2. Jezus als eindtijdprofeet (Maranatha christologie)
In een volgend stadium gaan bepaalde groeperingen Jezus zien als een bijzondere profeet, de persoon die de eindtijd inluidt en dan ook zeer spoedig zal terugkeren (eschatologische profeet). De titel die hierbij behoort is die van de ‘mensenzoon’. Het betreft in feite een temporele duiding van de nabijheid van het ‘Koninkrijk’ in plaats van een spirituele duiding die bij de wijsheids-Jezus overheerst. Jezus wordt nu gezien als als de komende wereldrechter.

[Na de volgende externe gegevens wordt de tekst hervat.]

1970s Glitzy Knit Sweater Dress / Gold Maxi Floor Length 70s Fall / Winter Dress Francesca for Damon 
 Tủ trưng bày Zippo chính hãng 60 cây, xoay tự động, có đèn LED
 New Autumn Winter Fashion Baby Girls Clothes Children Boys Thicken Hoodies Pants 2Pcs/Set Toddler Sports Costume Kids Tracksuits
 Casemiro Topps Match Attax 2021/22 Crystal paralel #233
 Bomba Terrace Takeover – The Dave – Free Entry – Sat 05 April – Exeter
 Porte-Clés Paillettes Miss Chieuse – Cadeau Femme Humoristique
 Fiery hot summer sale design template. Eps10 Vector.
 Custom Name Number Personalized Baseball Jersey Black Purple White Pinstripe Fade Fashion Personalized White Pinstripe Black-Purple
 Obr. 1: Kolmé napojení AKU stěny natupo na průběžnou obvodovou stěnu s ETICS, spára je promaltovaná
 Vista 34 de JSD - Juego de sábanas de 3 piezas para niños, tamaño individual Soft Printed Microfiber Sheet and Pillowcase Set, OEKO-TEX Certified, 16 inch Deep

Er bestaat in deze visie nog geen verheerlijking van het lijden: het is het normale lot van een profeet. ‘Zoon Gods’ betekent nog ‘wetsgetrouwe’.
We vinden deze visie terug bij de vroege Paulus, in Q2 en bij Marcus. Het is een Jezusbeeld dat opkomt vanaf de vroege jaren 50. Met name in de jaren 60-70, een barre tijd van vervolgingen (keizer Nero) klampen veel christenen zich aan dit beeld vast.
3. Jezus als goddelijke wonderman (Theios-anèr christologie)
Bij de verbreiding van het christendom gaat steeds nadrukkelijker de invloed van het Hellenisme een rol spelen. Beelden uit die culturele context worden op Jezus geprojecteerd. ‘Zoon van God’ (Asklepios), maagdelijke geboorte, wonderverhalen, ze kennen allemaal hun parallellen in de Griekse cultuur. We vinden deze invloeden in alle canonieke evangeliën terug. In latere apocriefe geschriften is dit Jezus-beeld steeds sterker vertegenwoordigd. Na de jaren 50 wordt deze invloed merkbaar en door verschillende christelijke geïntegreerd in hun visie op Jezus.
4. Jezus als verrezen zoon van God (Pascha-christologie)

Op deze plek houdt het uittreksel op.